Assigned task:
Only the text belongs in the copy. Transcribe the data exactly and drop any pictures.

Web page caption snippets:
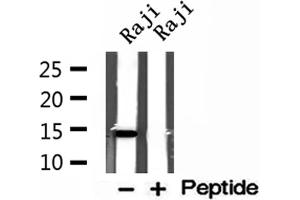 Western blot analysis of extracts of Raji cells, using ISCU antibody. (ISCU antibody  (Internal Region))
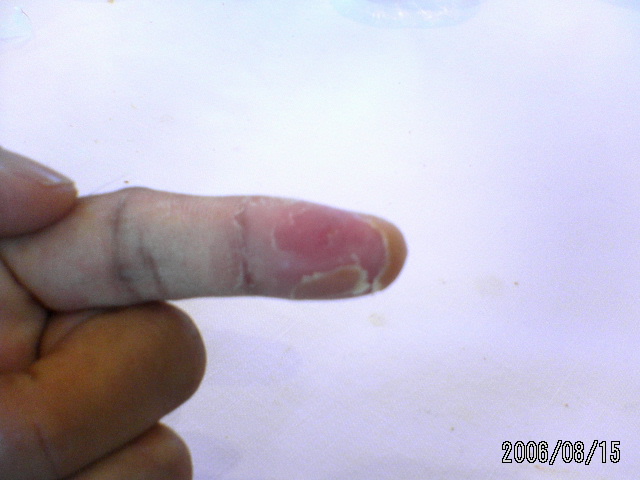 ���̉摜�̒��쌠��
Hiroshima Inline Hockey League(HIHL)�ɂ���܂��B�摜�f�[�^�̖��f�]�p�͌ł����f��\���グ�܂��B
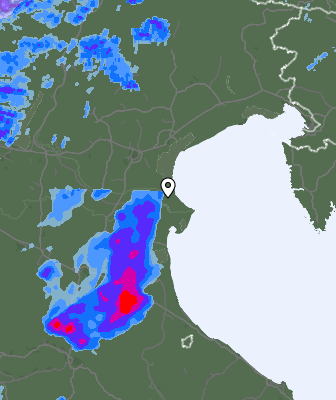 Radar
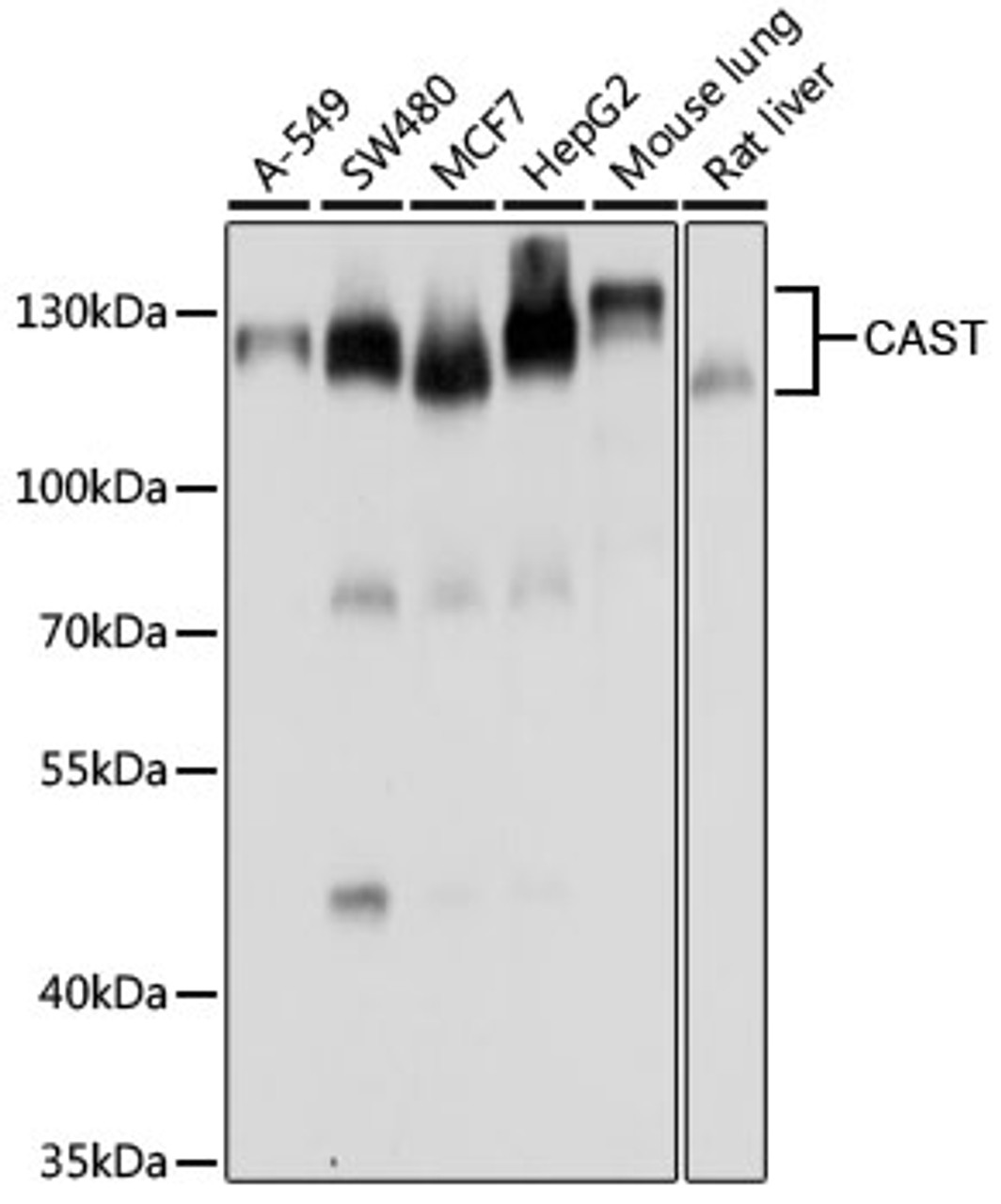 Western blot analysis of extracts of various cell lines, using CAST antibody (23-067) at 1:1000 dilution.<br/>Secondary antibody: HRP Goat Anti-Rabbit IgG (H+L) at 1:10000 dilution.<br/>Lysates/proteins: 25ug per lane.<br/>Blocking buffer: 3% nonfat dry milk in TBST.<br/>Detection: ECL Basic Kit.<br/>Exposure time: 5s.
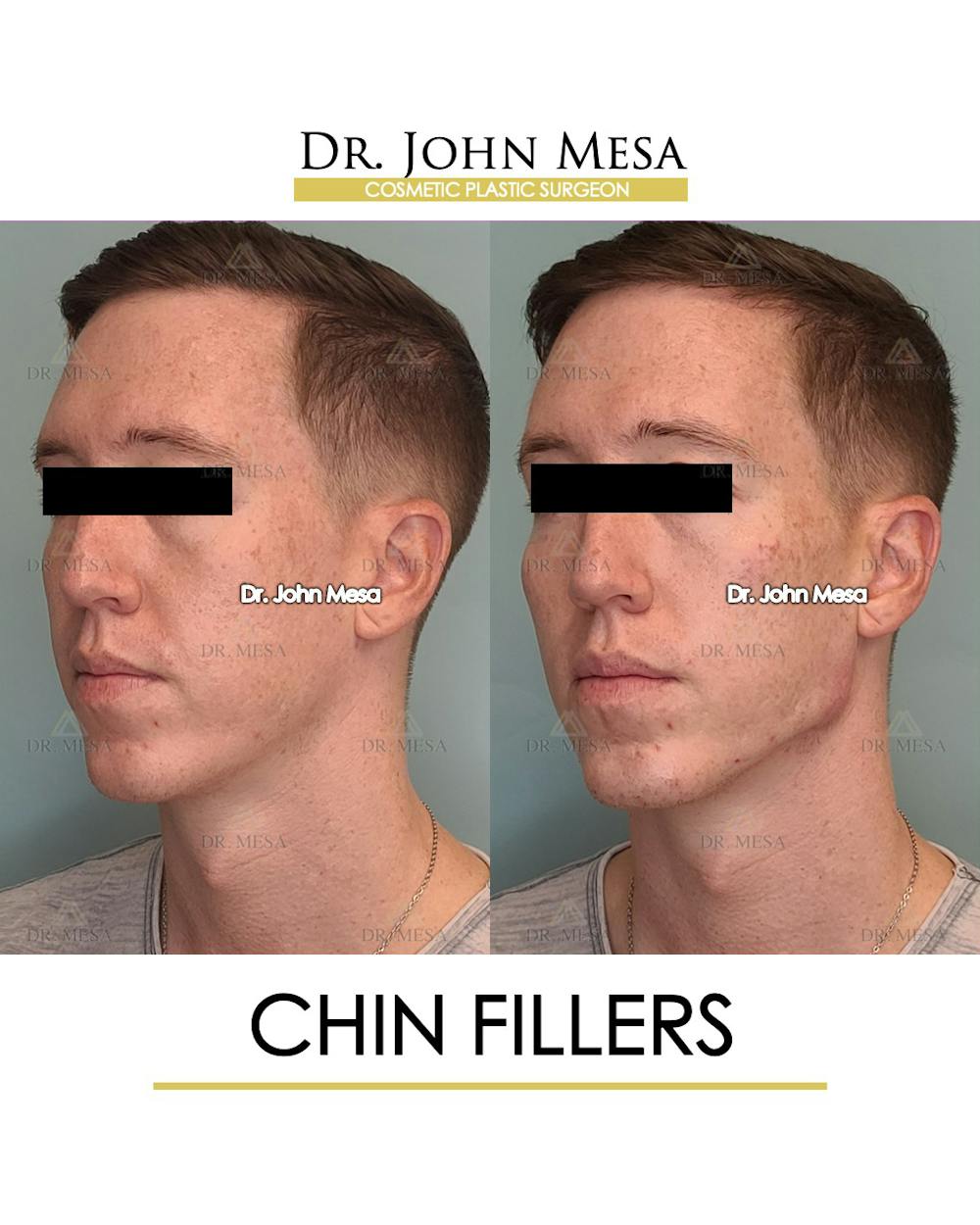 Fillers Before & After Gallery - Patient 148735124 - Image 4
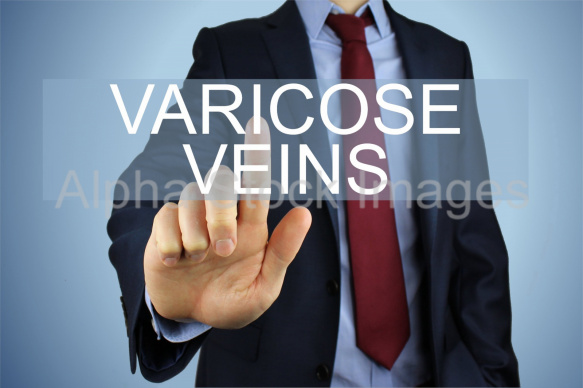 varicose veins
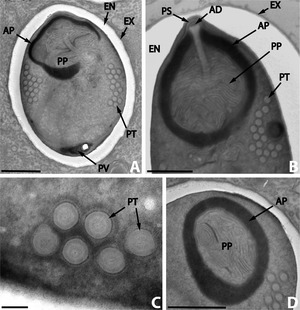 Archivo:Parasite140019-fig4 Nosema podocotyloidis - Hyperparasitic Microsporidia
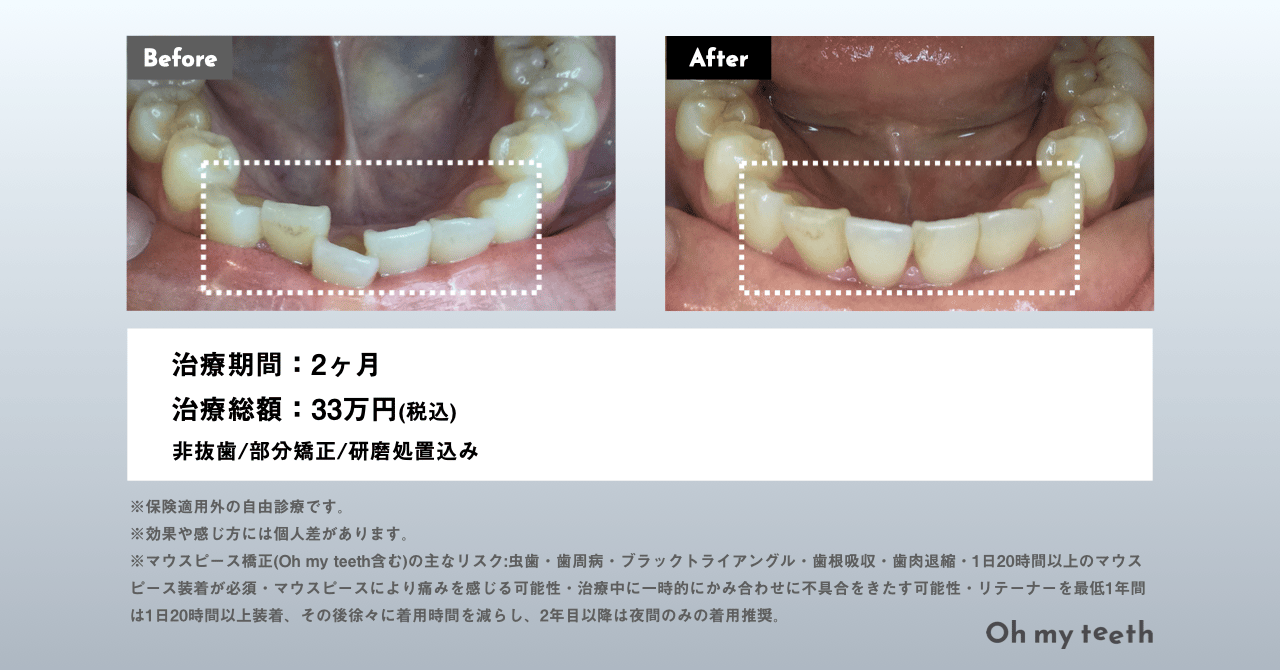マウスピース矯正 Oh my teethの症例(叢生)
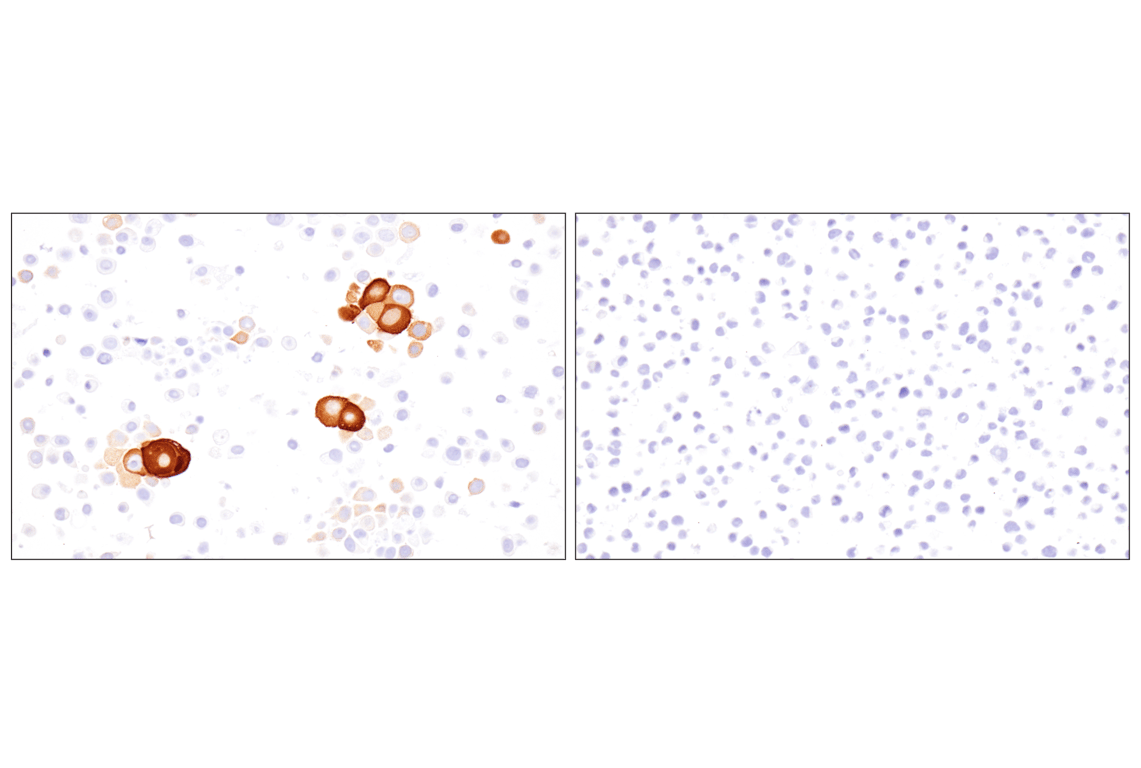 Immunohistochemistry Image 10: Involucrin (F9C3C) Rabbit Monoclonal Antibody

Result of this task:
 Western blot analysis of extracts of Raji cells, using ISCU antibody. (ISCU antibody  (Internal Region))
 ���̉摜�̒��쌠��
Hiroshima Inline Hockey League(HIHL)�ɂ���܂��B�摜�f�[�^�̖��f�]�p�͌ł����f��\���グ�܂��B
 Radar
 Western blot analysis of extracts of various cell lines, using CAST antibody (23-067) at 1:1000 dilution.<br/>Secondary antibody: HRP Goat Anti-Rabbit IgG (H+L) at 1:10000 dilution.<br/>Lysates/proteins: 25ug per lane.<br/>Blocking buffer: 3% nonfat dry milk in TBST.<br/>Detection: ECL Basic Kit.<br/>Exposure time: 5s.
 Fillers Before & After Gallery - Patient 148735124 - Image 4
 varicose veins
 Archivo:Parasite140019-fig4 Nosema podocotyloidis - Hyperparasitic Microsporidia
マウスピース矯正 Oh my teethの症例(叢生)
 Immunohistochemistry Image 10: Involucrin (F9C3C) Rabbit Monoclonal Antibody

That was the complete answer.